A solenidade, que hoje nos reúne em torno da sua pessoa, periodicamente congrega a classe forense em preito de confiança e de homenagem a um novo juiz de conselho. A sua reiteração, contudo, não lhe diminui, nem uniformiza o significado.
Cada juiz novo, de que se enriquece o Tribunal, é um homem diferente, e o que a sua personalidade contém, e projeta na vida judiciária do país, tem um sentido próprio, um valor único e irrepetido.
Tal é o privilégio da personalidade. Ela vivifica as funções em que se investe, e, ao mesmo tempo que recebe destas uma graça de estado, a elas transmite os infungíveis atributos da sua natureza.

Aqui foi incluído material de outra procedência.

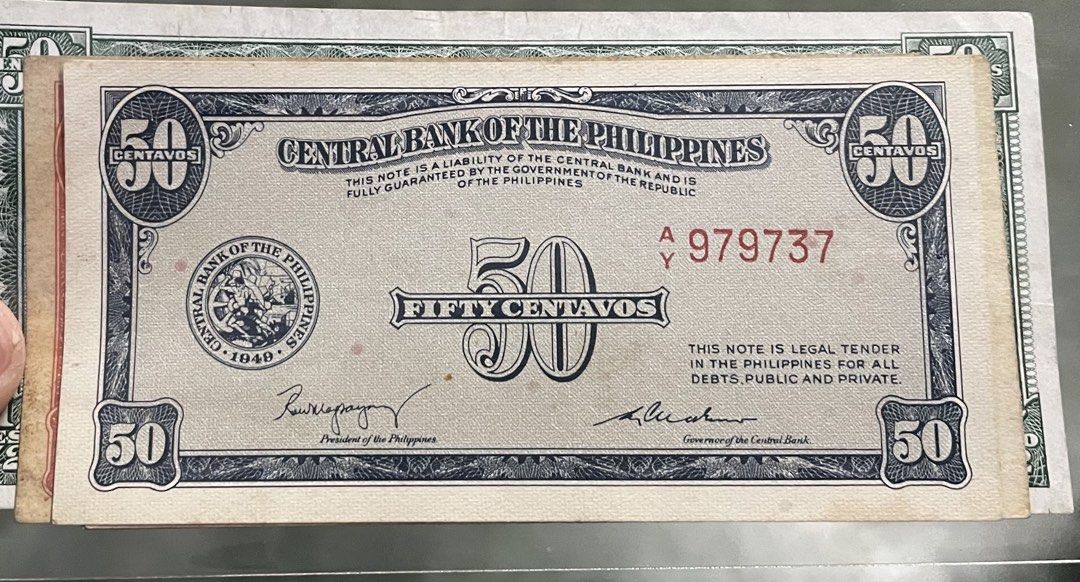 1954-57 SEMI-HTF UNC/VF 50c CBP BANKNOTE (Category: Currency) located in Roxas. Submitted by hobbyisthub (Listing ID 1469503578, Image 3). Description: ONLY 1 AVAILABLE CROSS-POSTED AUTHENTIC/UNCIRCULATED/VF, WITH SLIGHT FOXING SHIPS 1-2 DAYS, ADD SF GCASH PAYMENT PLS DO YOUR OWN GRADING BEFORE PURCHASING PM SELLER FOR ANY QUERIES THANK YOU! .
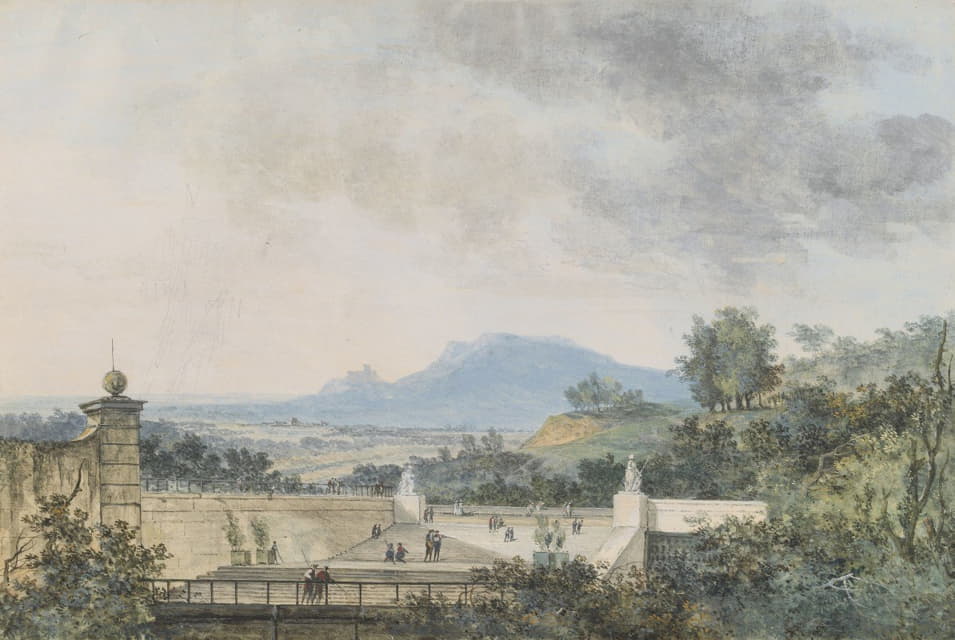 Louis Gabriel Moreau - Panoramic View across a Terraced Park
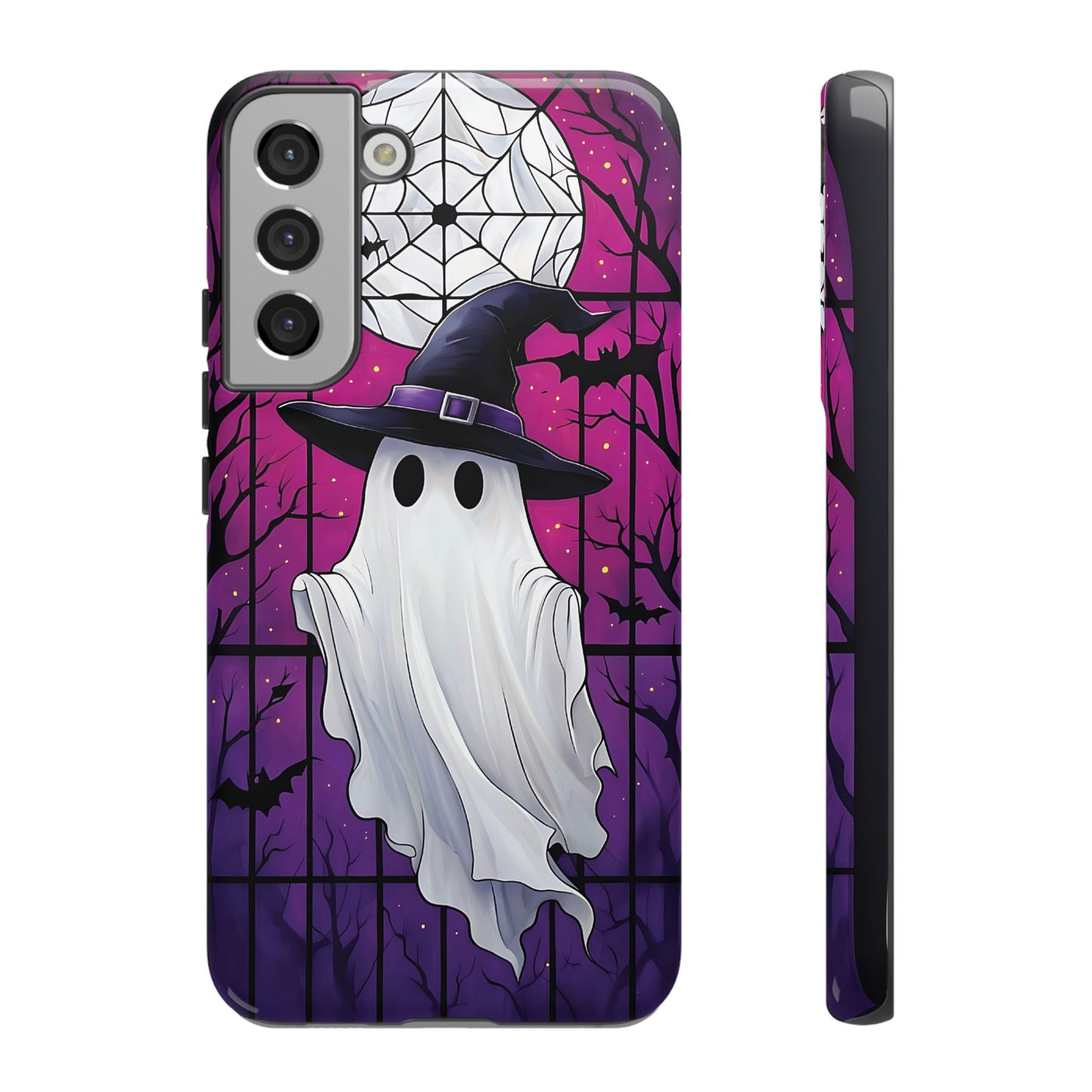 Stylized Halloween Illustration of a Ghost in Stained Glass  phone case design.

Eis porque a criação de um novo desembargador, ou de um novo ministro, afeta a seu modo o próprio destino do poder judiciário.

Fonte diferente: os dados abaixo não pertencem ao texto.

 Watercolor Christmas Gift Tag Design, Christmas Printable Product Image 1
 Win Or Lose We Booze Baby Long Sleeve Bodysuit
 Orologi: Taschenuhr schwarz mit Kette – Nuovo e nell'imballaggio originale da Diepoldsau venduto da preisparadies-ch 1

Há personalidades, muitas vezes ricas de atributos, que entram em choque com a investidura, e há outras feitas para ela, que nela aplicam, e através dela multiplicam todas as suas qualidades, alimentando com sua contribuição individual a vida da instituição a que se incorporam.
É essa equação entre o homem e o cargo, entre a personalidade individual e a função pública, que dá a solenidades como a de hoje um sentido sempre novo. Por isso é natural que os nossos espíritos se voltem para a personalidade do oblato, e nela procurem descobrir e assinalar os traços peculiares, que ele pode imprimir ou acentuar no colégio em que ingressa. Quebra-se, assim, por um momento, o recato que nos impede de expor à luz crua da opinião a figura intelectual e moral de um magistrado. Com a franqueza confidencial, que é o privilégio das grandes ocasiões, podemos falar, não dos seus atos, mas dele próprio, não de suas opiniões vazadas em sentenças, mas das próprias peculiaridades de sua formação intelectual.
Vem V. Exa, Sr. Desembargador, da magistratura de primeira instância, cujas varas de competência geral ou especializada percorreu, trazendo para o seio deste tribunal a mais preciosa das reputações, que podem ornar uma carreira de magistrado: a reputação de uma excepcional integridade.